Controvento – L’antisemitismo non è una scorciatoia
Apprezzo Luca Barbareschi come attore, uomo di teatro, produttore e come persona impegnata nella disseminazione della cultura. In breve tempo ha trasformato l’Eliseo in un “polo laico culturale innovativo” per usare la sua definizione, dove agli spettacoli si alternano conferenze sui temi dell’arte, della scienza, della letteratura, della spiritualità. Roma ne aveva bisogno.
Seguo perciò con partecipazione la sua campagna attraverso i social per evitare la chiusura del Teatro a causa a del taglio nelle sovvenzioni pubbliche, senza le quali in Italia chi fa cultura non riesce a campare, anche se ovviamente non sono in grado di dare un giudizio informato sulle sue rivendicazioni.
C’è qualcosa però che mi ha colpita negativamente, e sulla quale vorrei aprire una riflessione. più ampia. Barbareschi assimila la mancanza del sostegno economico pubblico di cui si ritiene vittima, a una forma di antisemitismo nei suoi confronti. Ritengo estremamente pericoloso e controproducente chiamare in causa l’antisemitismo ogniqualvolta a un ebreo viene fatto un torto, o quando è vittima di una scelta politica o culturale che non condivide – cosa che ahimè ho sentito assai spesso.
Cominciamo con il dire che l’ebraicità di Barbareschi non è conosciuta a tutti e nemmeno evidente, non essendo il suo un cognome ebraico – è ebreo per parte di madre, quindi ebreo a pieno titolo secondo le norme – ma quanti lo sanno? La sua orgogliosa rivendicazione è meritevole soprattutto in questo momento in cui personaggi noti, con nomi ebraici al di là di ogni dubbio, propongono ambigui distinguo sul fatto di essere di “origini ebraiche” ma non ebrei… ma non credo che il grande pubblico in generale e in particolare chi prende le decisioni economiche in questo settore sia necessariamente informato della religione di Barbareschi.
Ma soprattutto sono ben altri i motivi che possono aver condizionato le scelte ministeriali.

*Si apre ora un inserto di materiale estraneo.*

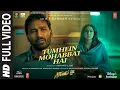 Download Lagu Tumhein Mohabbat Hai (Full Video) Atrangi Re |@ARRahman| Arijit Singh | Akshay K, Sara, Dhanush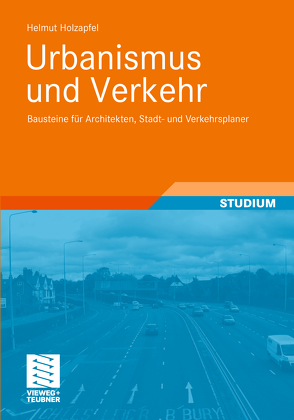 Urbanismus und Verkehr von Holzapfel,  Helmut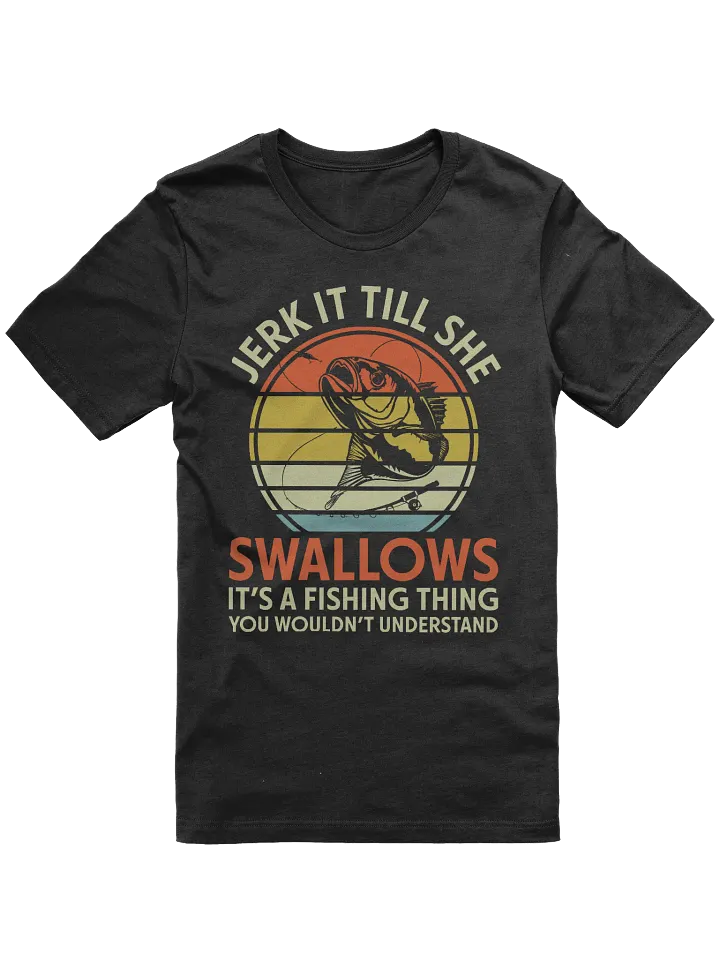 Jerk It Till She Swallows Fishing T-shirt product image (1)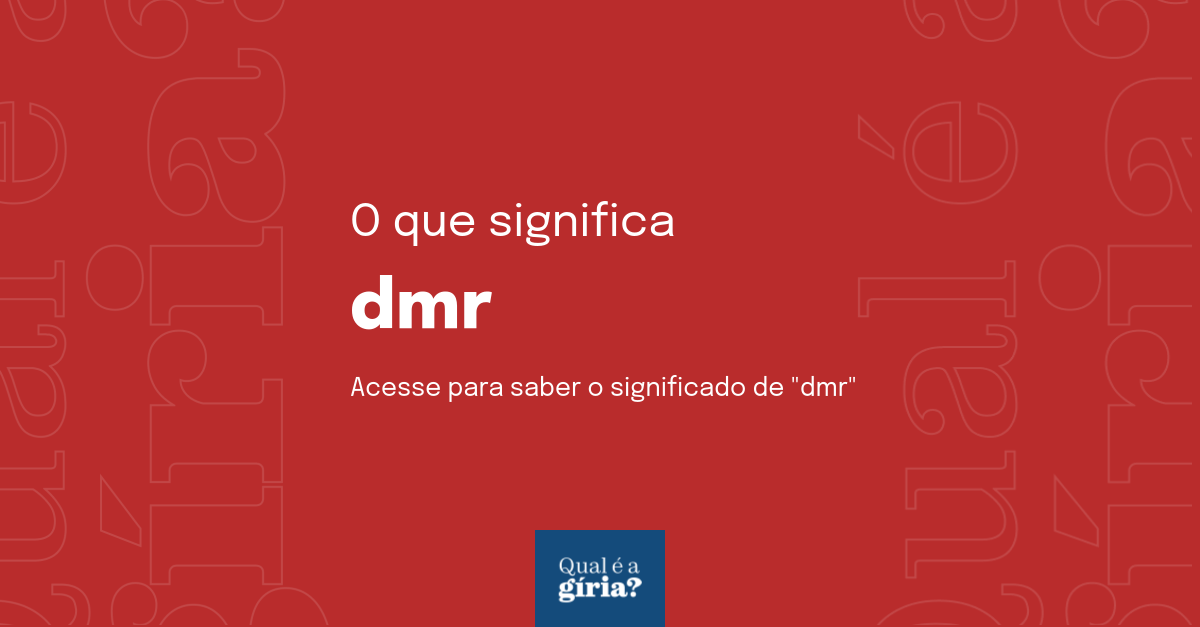 O que significa dmr? Qual o significado de dmr? O que é dmr? Todas ...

Barbareschi ha tutto l’establishment teatrale italiano contro, perché ha ricevuto in passato fondi che chi gestisce altri teatri considera sproporzionati; ha un carattere difficile che certo non gli attira simpatie; è stato esponente politico della destra in un mondo in cui la cultura è dominata e gestita da sempre dalla sinistra.
Chiamare in causa l’antisemitismo mi sembra non solo controproducente, ma anche pericoloso. Come insegna la saggezza popolare, gridare “Al lupo!” quando il lupo non c’è ingenera assuefazione e mancanza di reazione quando il lupo arriva davvero (e di lupi famelici in giro ce ne sono troppi…). La discriminazione su base religiosa, etnica, di genere o di scelte sessuali è una realtà diffusa e dolorosa da prendere in seria considerazione. Strumentalizzarla è una forma di vittimismo che si ripercuote negativamente sulle vere vittime dall’altro. Parlare di “genocidio culturale” e “antisemitismo come odio verso un pensiero culturale complesso ed elaborativo” per sostenere il proprio diritto a dei fondi pubblici, mi sembra una offesa verso chi è seriamente colpito dall’odio discriminatorio.
E questo non riguarda solo Barbareschi, al quale va la mia comprensione e il mio affettuoso saluto, ma a tutti coloro che utilizzano la scorciatoia dell’antisemitismo per giustificare le sconfitte e le delusioni della vita.
L’antisemitismo è una atroce realtà con cui siamo tenuti oggi a fare di nuovo i conti. Seriamente.